- _What is needed_: Every line from the one containing "Coiled USB A" through the end of the listing below goes in the output, exactly and without pictures.

- _Dataset excerpt_:

.....

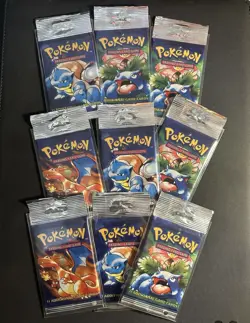WOTC Pokemon Base Set Booster Packs Long Stem Packs Heavy and Light Packs - Image 1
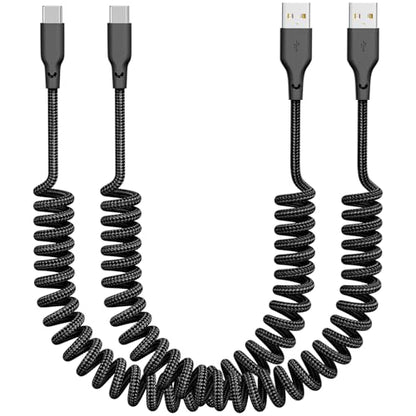 Coiled USB A to USB C Car Charger Cable, 2-Pack 3Ft Braided, Black - color: Black
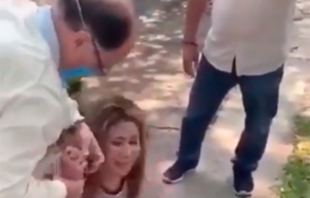 #Video: Momento en que notario del #Edomex agrede a su esposa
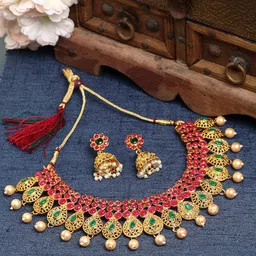 Shining Diva Gold-Plated & Red Stone-Studded Jewellery Set-picture-27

.....

- _Solved exercise_:
 Coiled USB A to USB C Car Charger Cable, 2-Pack 3Ft Braided, Black - color: Black
 #Video: Momento en que notario del #Edomex agrede a su esposa
 Shining Diva Gold-Plated & Red Stone-Studded Jewellery Set-picture-27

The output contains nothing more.